Des polluants du quotidien délétères pour la construction du cerveau des jeunes enfants

Publié le par Le Monde via M.E.

Une étude établit pour la première fois l’impact sur le neurodéveloppement des enfants d’un mélange de perturbateurs endocriniens très répandus dans la population.

Objets du quotidien contenant du bisphénol A, un des perturbateurs endocriniens. VOISIN / PHANIE

En abîmant le développement cérébral du fœtus, certains polluants omniprésents dans l’alimentation et l’environnement participent à l’érosion des capacités cognitives de la population. Inconfortable et méconnu, mais déjà suggéré par un grand nombre d’études récentes, ce fait est au centre de travaux novateurs, les plus exhaustifs conduits à ce jour, publiés jeudi 17 février par la revue Science. Ils indiquent que de larges parts de la population occidentale sont exposées à des mélanges de perturbateurs endocriniens (PE) – des substances capables d’interférer avec le système hormonal – à des niveaux délétères pour la construction du cerveau des jeunes enfants.
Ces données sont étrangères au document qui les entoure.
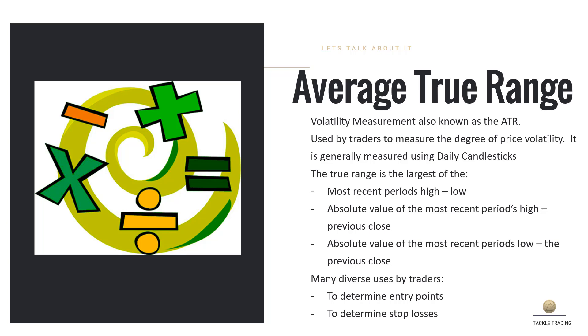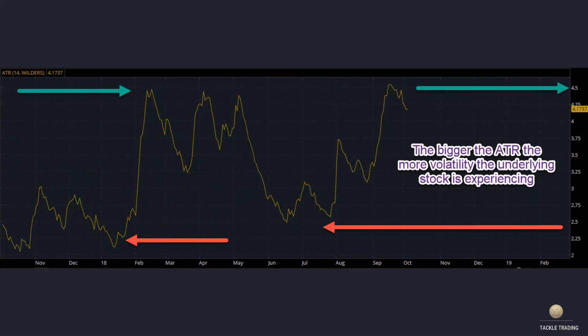The ATR is used to help you with stop losses, entry points, picking stocks, and assessing one company versus another. It's a very good tool on your chart. When you add it, the ATR goes up and down in line form over time. You'll notice where the green arrows are — those are the highest points of volatility for this particular stock shown in the screenshot.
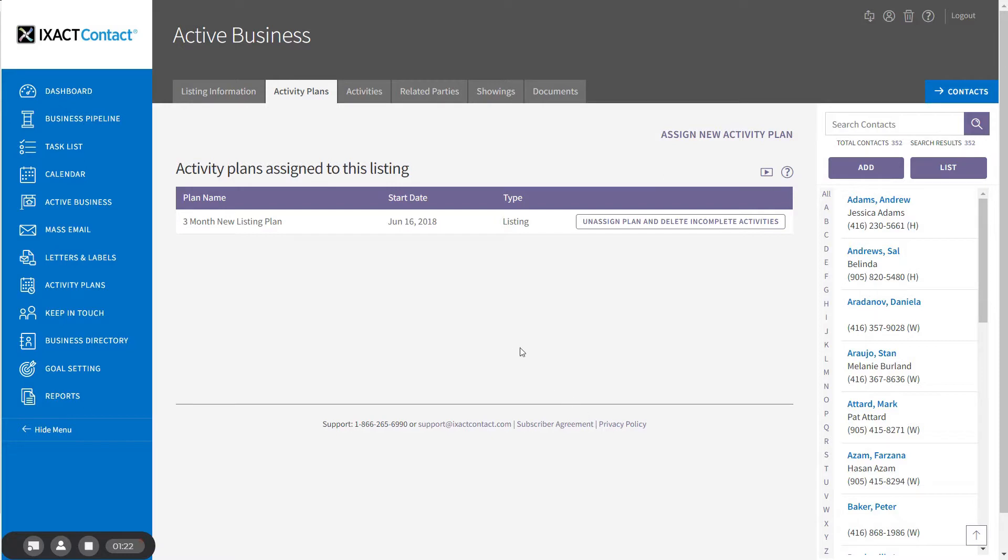The activity plan list for the listing has been updated to indicate that the plan has now been assigned. To see the pending activities that have been assigned to the listing, click the Activities tab.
« Les humains sont exposés à de nombreux PE différents, et un nombre croissant de preuves indique que l’exposition à ces mélanges au début de la vie peut induire des troubles du neurodéveloppement et des changements dans l’organisme qui augmentent la susceptibilité à certaines maladies tout au long de la vie, écrivent les chercheurs. La réglementation des produits chimiques est, cependant, entièrement basée sur l’évaluation des risques des composés individuels, laissant inconnu et non réglementé l’impact des mélanges chimiques en situation réelle. »

Les auteurs – trente-sept chercheurs d’une vingtaine de laboratoires européens et américains – montrent qu’un mélange d’une quinzaine de PE courants perturbe la construction du cerveau de l’enfant à naître et peut retarder l’acquisition du langage – un marqueur précoce de déficience intellectuelle ou de troubles du spectre autistique. En se fondant sur des données collectées en vie réelle et sur des animaux de laboratoire, les auteurs proposent un nouveau cadre scientifique de l’évaluation des risques, fondé sur l’analyse des mélanges de PE auxquels la population est réellement exposée.

Les auteurs ont ainsi pratiqué des prélèvements biologiques réguliers sur une cohorte de quelque 2 000 femmes enceintes suédoises et ont pu estimer leur exposition à une variété de substances. Ils ont déterminé qu’un cocktail de cinq phtalates, de huit composés perfluorés (PFAS), de Bisphénol A et de Triclosan, était associé à un retard dans l’acquisition du langage chez les enfants de ces femmes.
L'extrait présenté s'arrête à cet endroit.